**Your assignment**
From the line containing "Silber Gebraucht 2024" to the end of the records below, both included, every line should be repeated exactly; pictures should be dropped.
(Beginning of Supplied information)
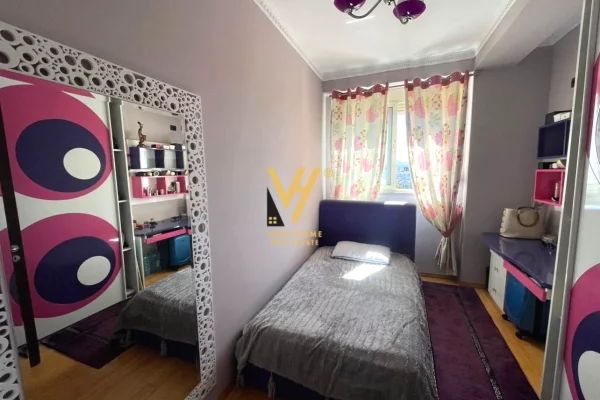 Shtepi ne shitje Apartament ne Tirane, 2+1, Mobilimi E mobiluar, Pagesa 210,000  Euro.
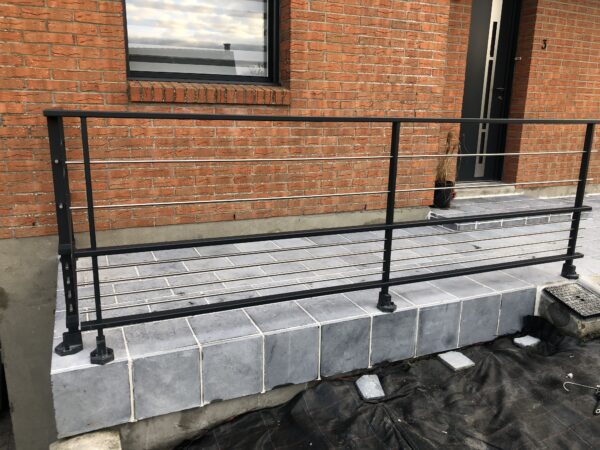 GARDE CORPS ALUMINIUM PERNES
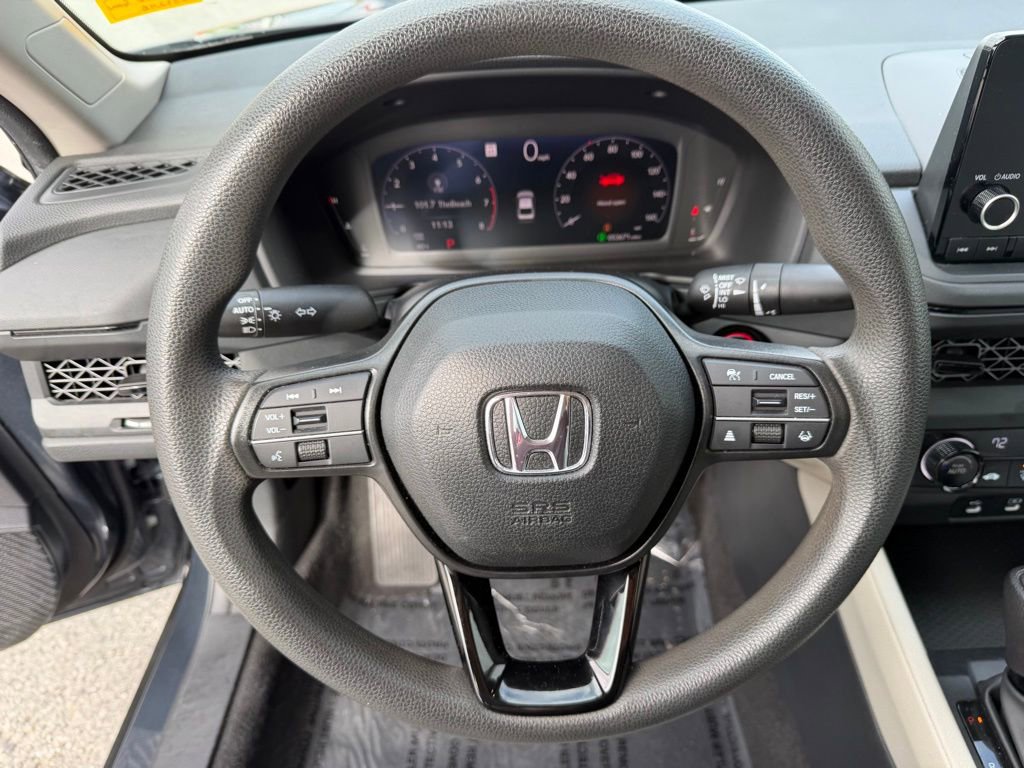 Used 2023 Honda Accord LX image 21
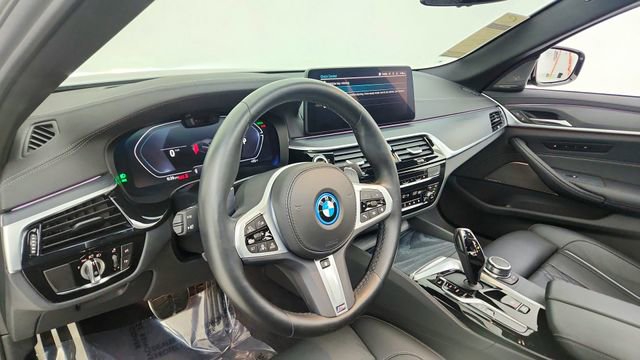 Used 2022 BMW 530e xDrive 530e iPerformance w/ Executive Package image 20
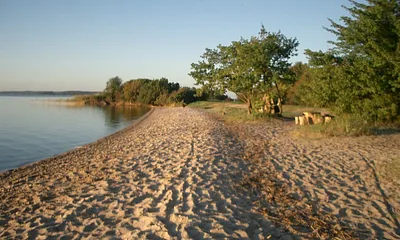 Badestrand am Achterwasser (2 km entfernt)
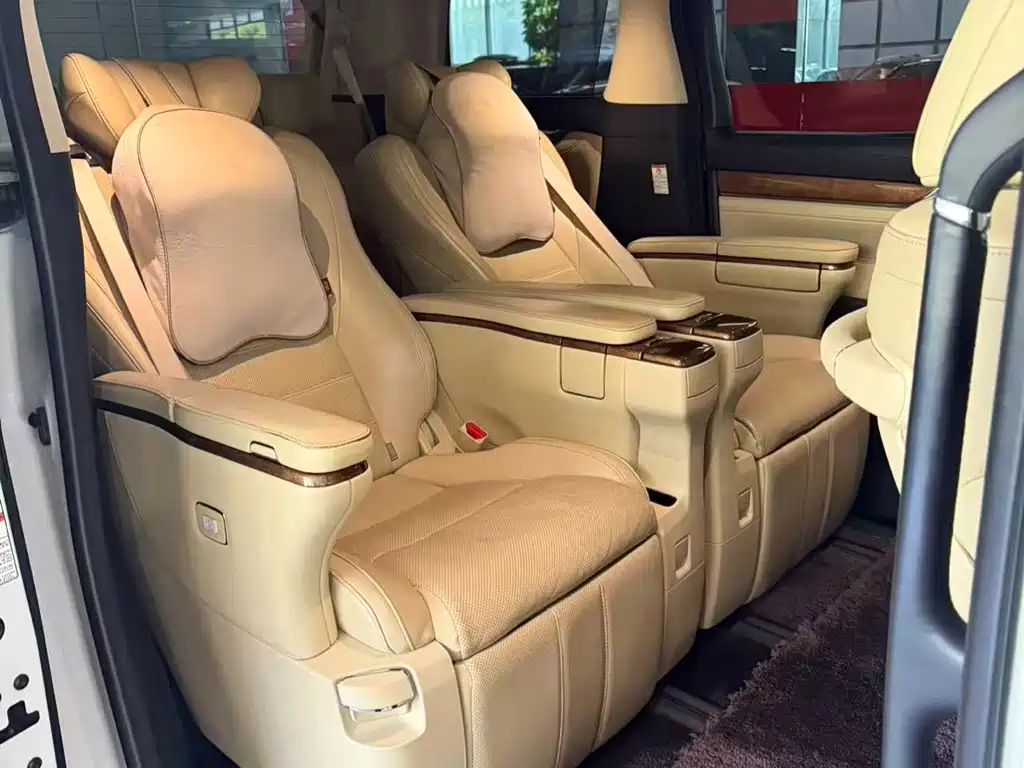 Toyota Alphard 2018 — фото 6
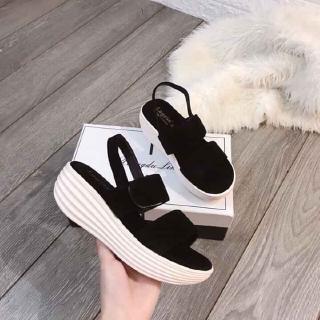 Sandal Bánh Mì Quai Ngang Da Lộn Đế Trắng Cao (Sẵn hàng)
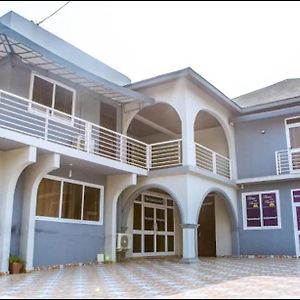 Home From Home Guesthouse Accra Exterior photo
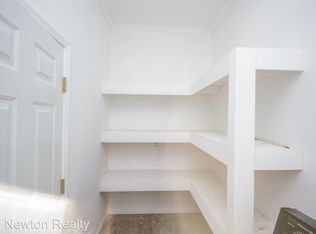 203 Sunset Dr, Athens, AL 35611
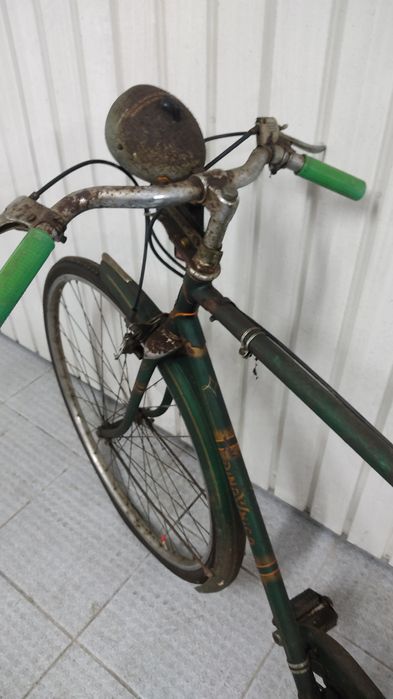 Bicicleta pasteleira com mais 50 anos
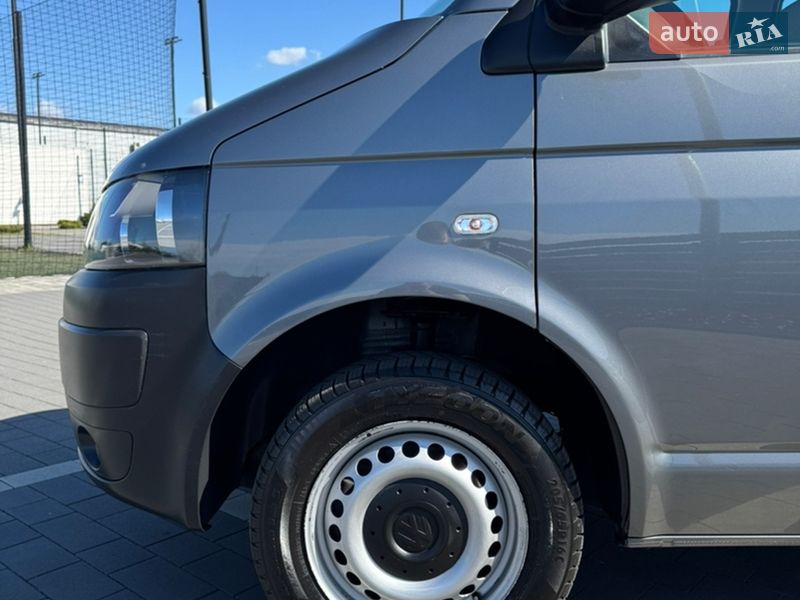 Минивэн Volkswagen Transporter 2015 в Мукачево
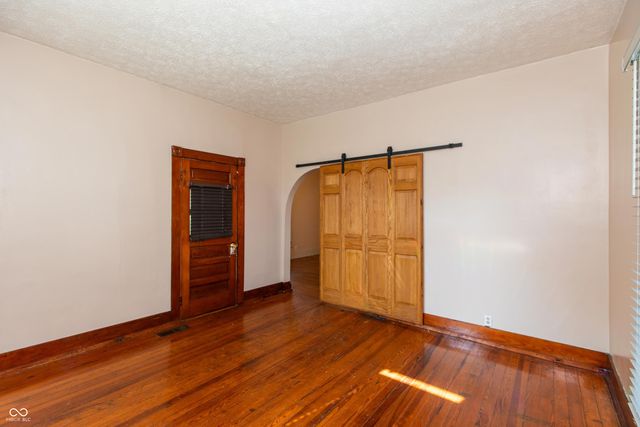 2204 Maple Street, Columbus, IN 47201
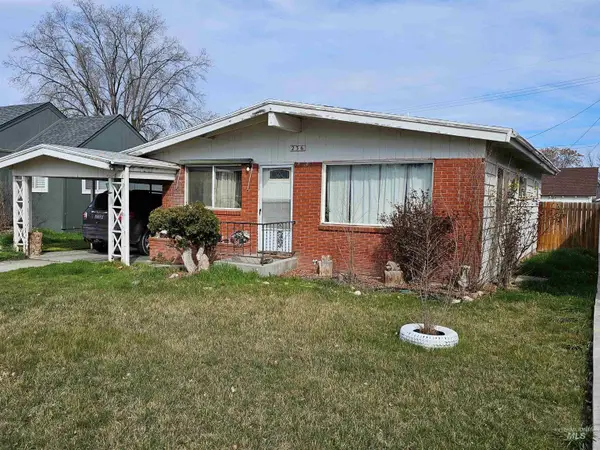 236 Meffan Ave, Nampa, ID 83651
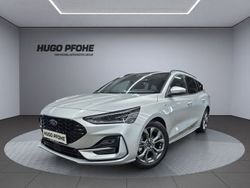 Silber Gebraucht 2024 Ford Focus ST-Line Kombi | 29.900 € (Teuer)
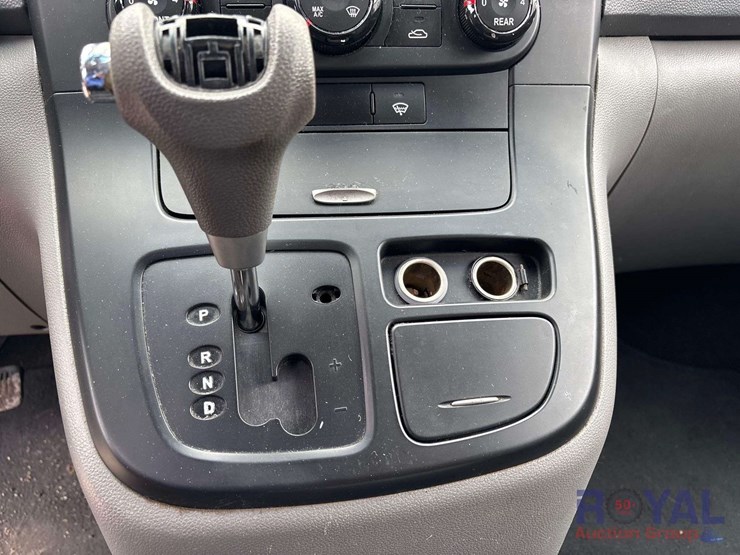 2014-kia-sedona-image-17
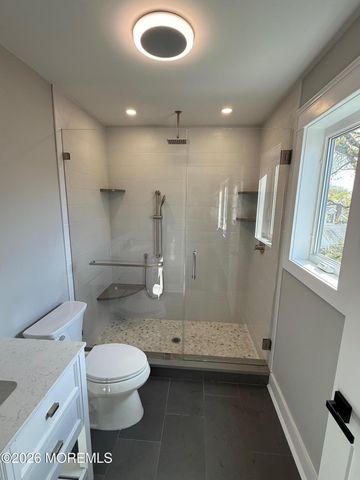 21 Bellevue Avenue, Leonardo, NJ 07737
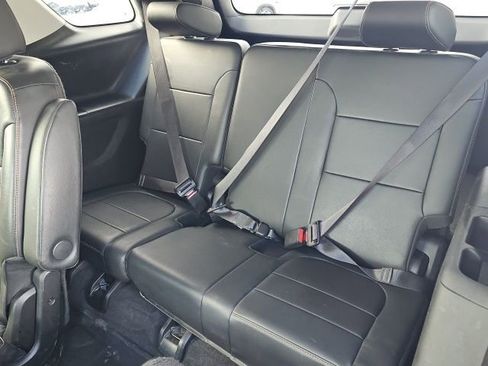 Used 2019 Chevrolet Traverse Premier image 14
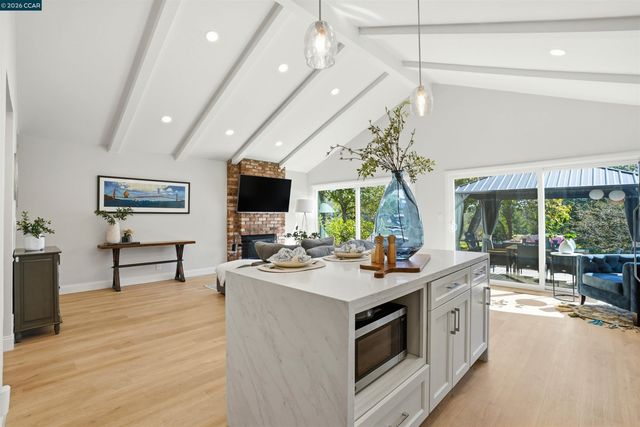 930 Pinto Ct, Walnut Creek, CA 94596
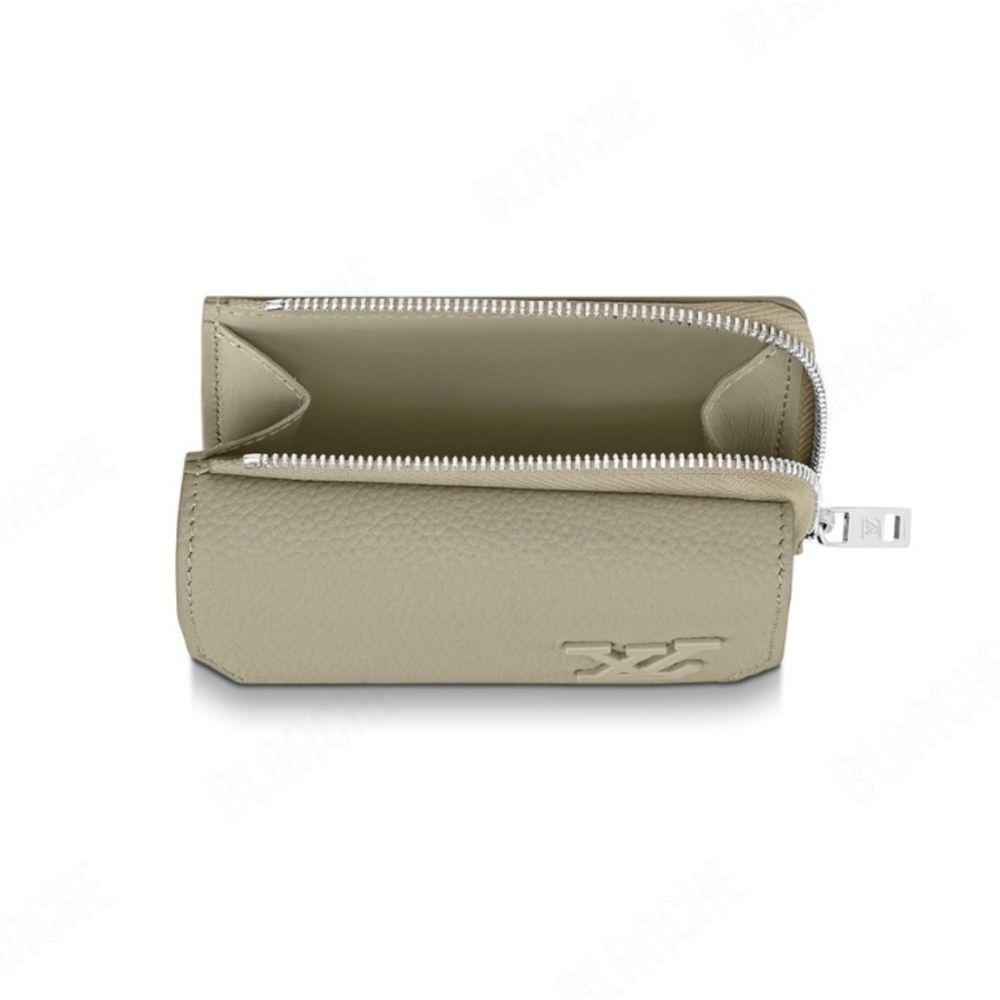 Louis Vuitton ポルトフォイユ・パイロット ウォレット M81740 M82410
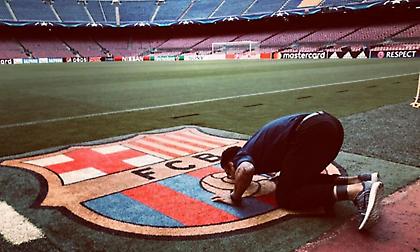 Ο Ντάνι Άλβες φιλάει το χορτάρι με το σήμα της Μπαρτσελόνα - «Η ψυχή μου έλεγε ότι θα γυρίσω»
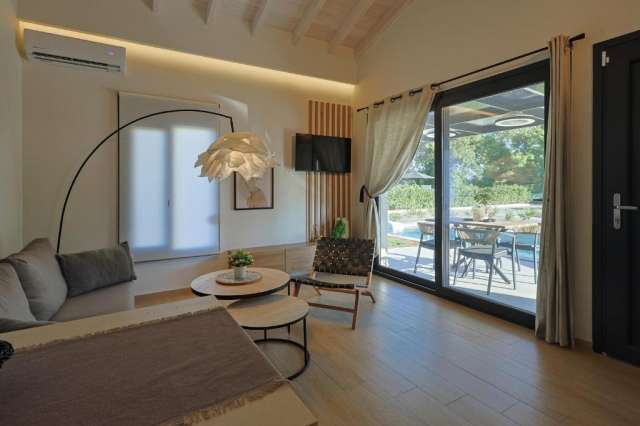 LAST MINUTE PARALIA KATERINI  VILA PRIVATA MERAKI - Seaside Pool Villa &amp; Private Parking  TARIF 1600 EUR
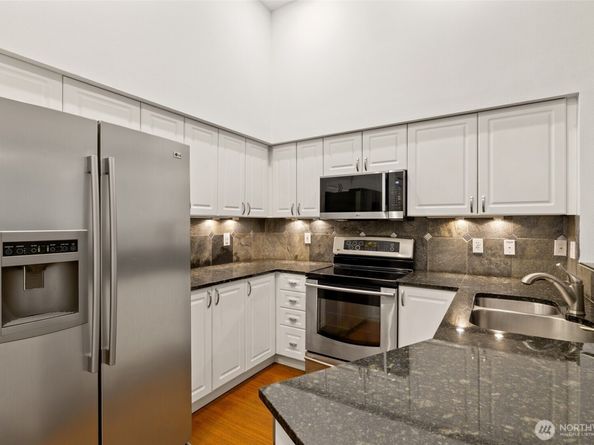 16125 Juanita Woodinville Way NE 604, Bothell WA 98011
(End of Supplied information)
**Completed exercise**
 Silber Gebraucht 2024 Ford Focus ST-Line Kombi | 29.900 € (Teuer)
 2014-kia-sedona-image-17
 21 Bellevue Avenue, Leonardo, NJ 07737
 Used 2019 Chevrolet Traverse Premier image 14
 930 Pinto Ct, Walnut Creek, CA 94596
 Louis Vuitton ポルトフォイユ・パイロット ウォレット M81740 M82410
 Ο Ντάνι Άλβες φιλάει το χορτάρι με το σήμα της Μπαρτσελόνα - «Η ψυχή μου έλεγε ότι θα γυρίσω»
 LAST MINUTE PARALIA KATERINI  VILA PRIVATA MERAKI - Seaside Pool Villa &amp; Private Parking  TARIF 1600 EUR
 16125 Juanita Woodinville Way NE 604, Bothell WA 98011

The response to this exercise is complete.